• [Listed records]
————

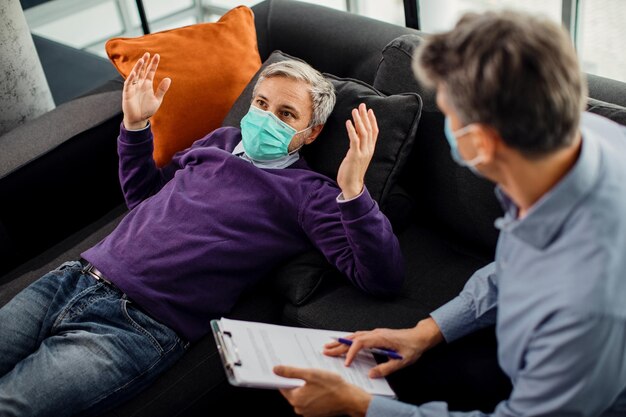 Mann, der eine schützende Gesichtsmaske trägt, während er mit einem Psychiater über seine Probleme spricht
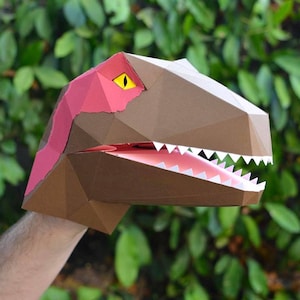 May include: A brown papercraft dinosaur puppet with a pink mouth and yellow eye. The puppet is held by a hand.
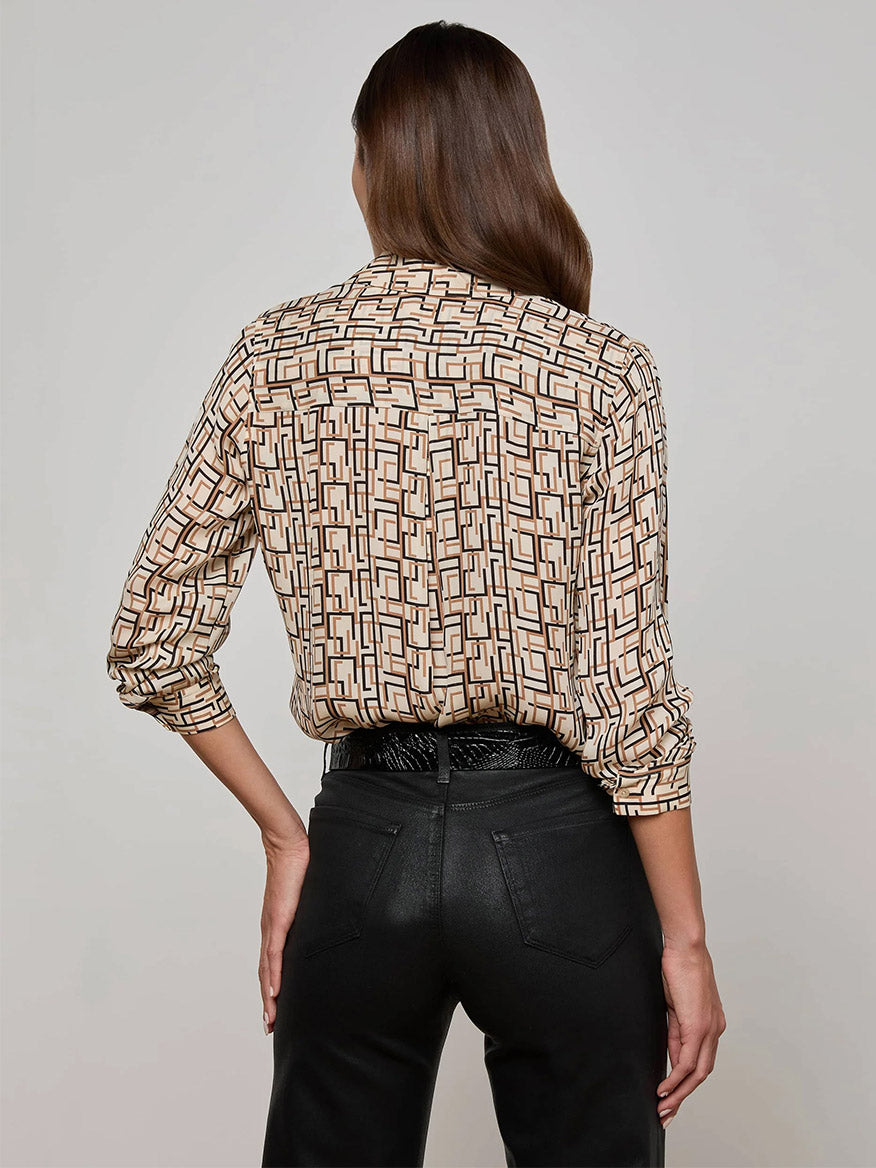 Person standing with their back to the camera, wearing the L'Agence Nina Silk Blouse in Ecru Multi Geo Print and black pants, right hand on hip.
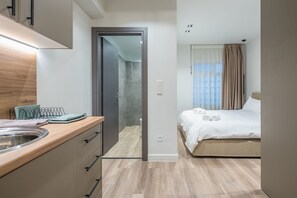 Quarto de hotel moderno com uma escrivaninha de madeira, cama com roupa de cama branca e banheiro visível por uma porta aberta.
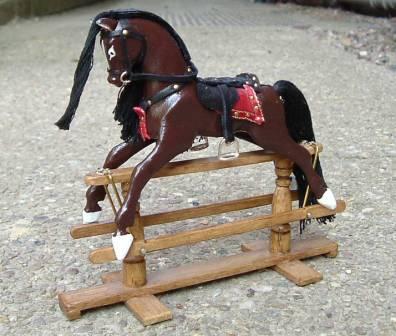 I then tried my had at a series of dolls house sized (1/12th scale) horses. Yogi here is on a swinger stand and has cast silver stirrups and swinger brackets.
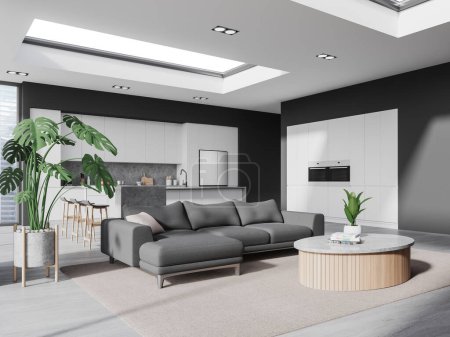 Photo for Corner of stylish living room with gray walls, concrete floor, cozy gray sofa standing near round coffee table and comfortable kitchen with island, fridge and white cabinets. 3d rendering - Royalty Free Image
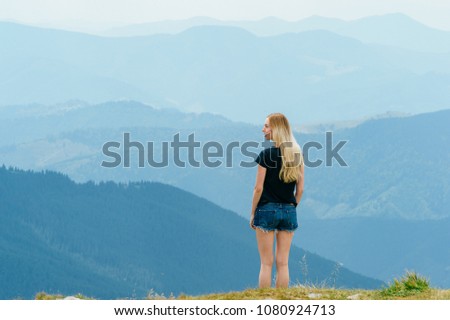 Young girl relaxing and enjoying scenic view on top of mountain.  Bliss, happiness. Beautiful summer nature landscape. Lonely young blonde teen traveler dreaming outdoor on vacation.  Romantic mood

————

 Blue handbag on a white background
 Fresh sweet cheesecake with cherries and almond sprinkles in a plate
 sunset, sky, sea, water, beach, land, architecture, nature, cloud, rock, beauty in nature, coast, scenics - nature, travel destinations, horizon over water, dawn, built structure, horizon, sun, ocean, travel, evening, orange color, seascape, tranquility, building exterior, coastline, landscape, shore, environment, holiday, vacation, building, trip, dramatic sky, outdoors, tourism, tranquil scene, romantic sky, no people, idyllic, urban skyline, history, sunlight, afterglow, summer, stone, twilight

————

• [Action item] Transcribe only the lines above that start at the line containing "I then tried" and end at the line containing "Young girl relaxing". Omit pictures.

• [Solution to this exercise]
 I then tried my had at a series of dolls house sized (1/12th scale) horses. Yogi here is on a swinger stand and has cast silver stirrups and swinger brackets.
 Photo for Corner of stylish living room with gray walls, concrete floor, cozy gray sofa standing near round coffee table and comfortable kitchen with island, fridge and white cabinets. 3d rendering - Royalty Free Image
 Young girl relaxing and enjoying scenic view on top of mountain.  Bliss, happiness. Beautiful summer nature landscape. Lonely young blonde teen traveler dreaming outdoor on vacation.  Romantic mood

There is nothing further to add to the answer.